What is it? Where is it held?
The ‘Palio di Siena’ is two horse races, held each year in the Campo, or ‘main square’ of Siena.
When is it held?
The Palio is held twice each year, on the 2nd of July and the 16th of August.
Horses and riders representing ten of the city’s ‘contrade’ or neighbourhoods, race around the Campo three times in a no-holds-barred race dedicated to the Virgin Mary. The riders ride without saddles, making the race a little more risky than normal. It’s not unusual for riders to be thrown from their horses – indeed, a horse can ‘win’ the race for their contrada without a rider.
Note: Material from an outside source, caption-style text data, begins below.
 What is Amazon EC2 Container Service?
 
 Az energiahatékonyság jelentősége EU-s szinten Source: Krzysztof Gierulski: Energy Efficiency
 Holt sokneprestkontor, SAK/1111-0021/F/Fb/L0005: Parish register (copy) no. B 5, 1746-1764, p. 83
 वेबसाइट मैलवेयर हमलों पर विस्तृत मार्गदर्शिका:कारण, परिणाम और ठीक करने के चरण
During the race, riders are allowed to whip other riders and their horses, making for rough and ready scenes.
The winning horse and rider are awarded the ‘Palio’, or banner, to take back to their ‘contrada’. There, they are displayed for all to see until the next year. Each year, an artist designs the Palio, so no two are ever the same.
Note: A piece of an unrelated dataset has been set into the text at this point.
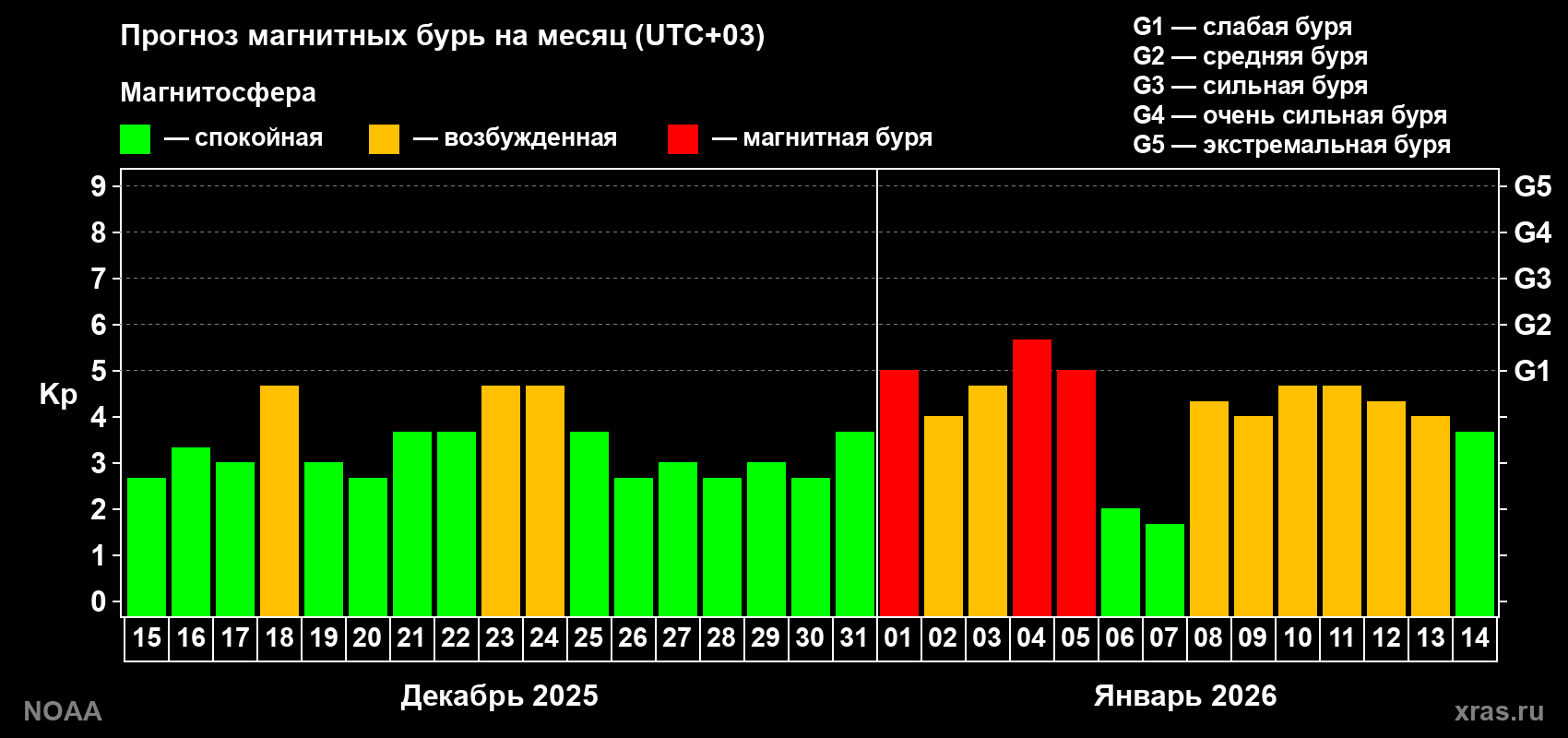 Прогноз геомагнитного индекса Kp на следующий месяц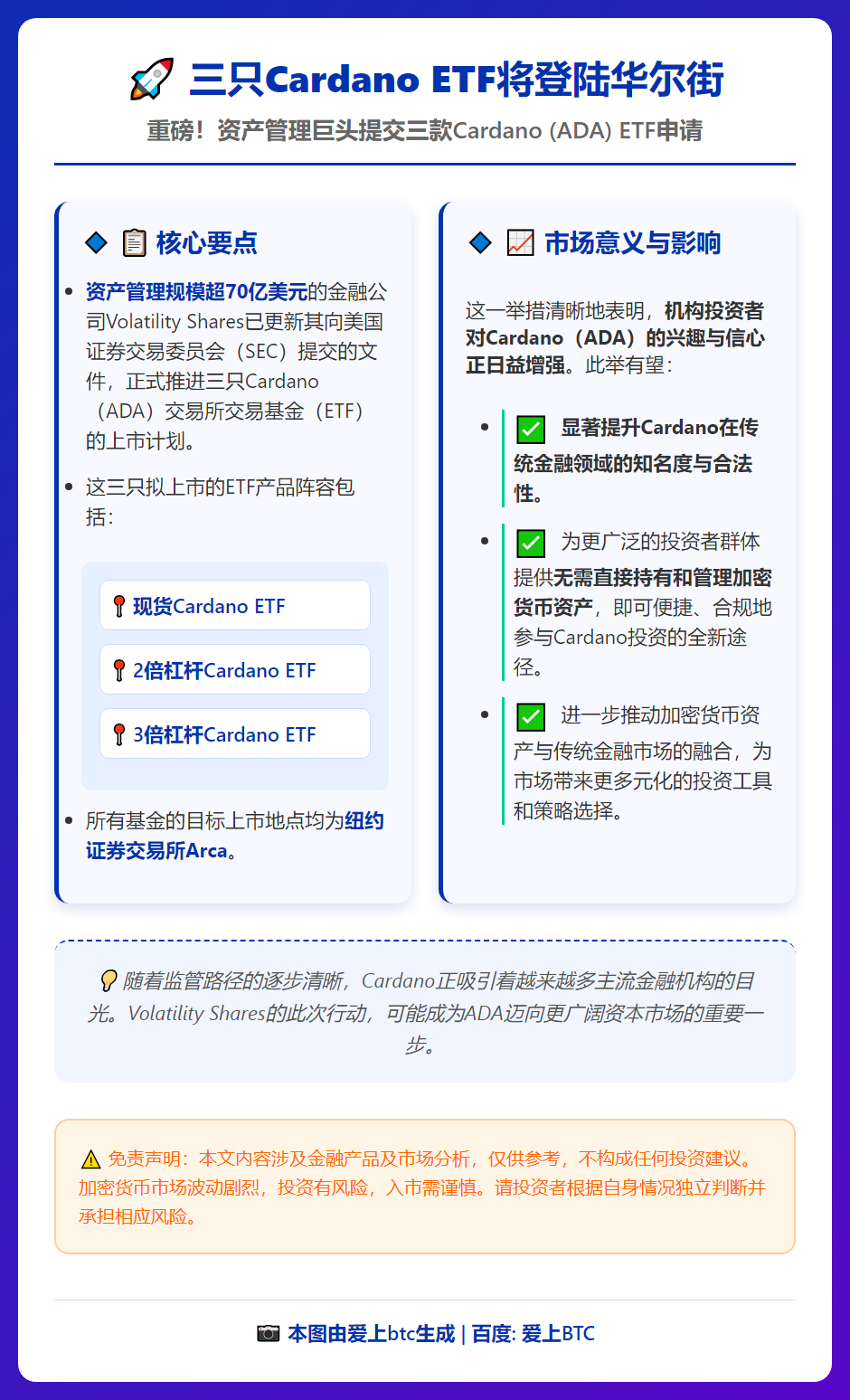 三只Cardano ETF将登陆华尔街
Races don’t last long – they are sometimes as short as eighty seconds, but they are considered an all-day event. There are riding demonstrations beforehand and an elaborate pageant called the ‘Corteo Storico’ honouring the city’s glorious medieval and renaissance past. Of course, the race is followed by riotous partying, especially in the winning contrada.
Why do they do it?
The Campo of Siena has been the site of horse races for over six hundred years, as a way to let off steam between the various contrade – these were very, very serious neighbourhood rivalries that might break out into bloody street brawls. The first ‘official’ race took place in 1633 and in the intervening centuries it has become a potent symbol of the city. Now, in more peaceful times, the race is a huge draw for tourists, not only from across Italy, but internationally. You might have even seen it in the movies – it features prominently at the start of the James Bond film, ‘Quantum of Solace’.
What makes it special?
An atmosphere unlike any other. The city comes together and holds it breath as the horses bolt around the track. The sun shines on the beautiful Renaissance palazzos lining the Campo and, with a bit of imagination, you can imagine yourself back in the early 16th century. It really is a potent and magical link to the past.
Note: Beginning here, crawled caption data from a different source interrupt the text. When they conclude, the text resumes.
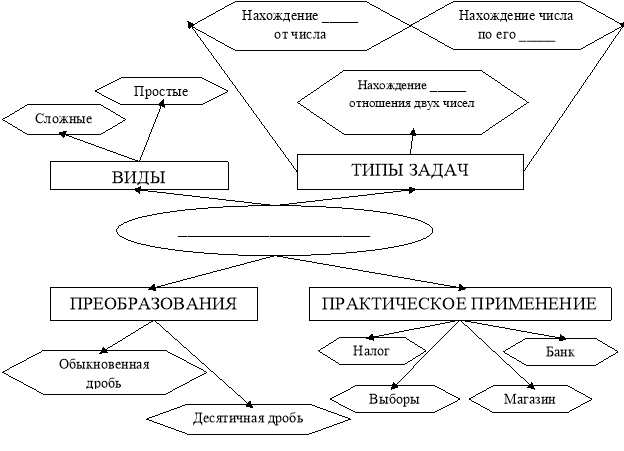 Кластер, направленный на формирование темы урока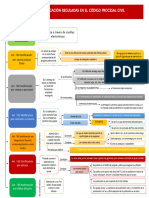 Mapa NTOFICACION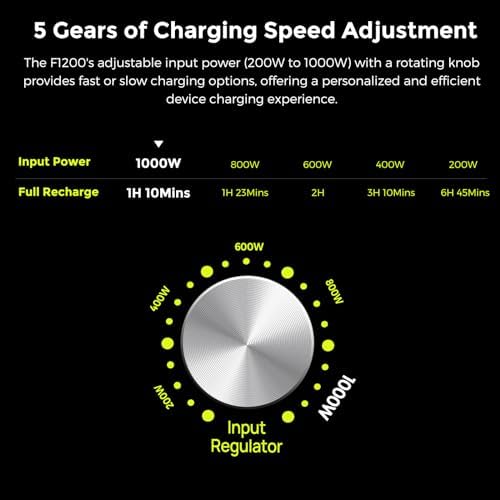 FOSSiBOT F1200 Draagbaar Powerstation 1024Wh LiFePO4 - 2400W AC, 200W Zonnepaneel Inbegrepen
How can I best experience this event?
Book well ahead – hotels on the Campo sell out a year ahead of time. Our advice: don’t try to get a room on the Campo, and instead stay a little bit out of town at somewhere like Il Borro or Il Falconiere – it is still easy to get in and out of the city, but you’ll avoid the noise and chaos well into the night.
Pick the ‘contrada’ you will support well ahead of time and pick up a flag to wave, or other merchandise at one of the many shops around the city.
Combine watching the Palio with a day or two to explore the city – we recommend the Palazzo Publicco, with its stunning medieval paintings, the soaring Duomo and the Basilica Catharina, home of St Catherine during her life. For an exceptional meal, try Osteria Antica di Divo (Via Franciosa 25), by the Duomo – amazing Tuscan cooking and a Roman catacomb in the basement!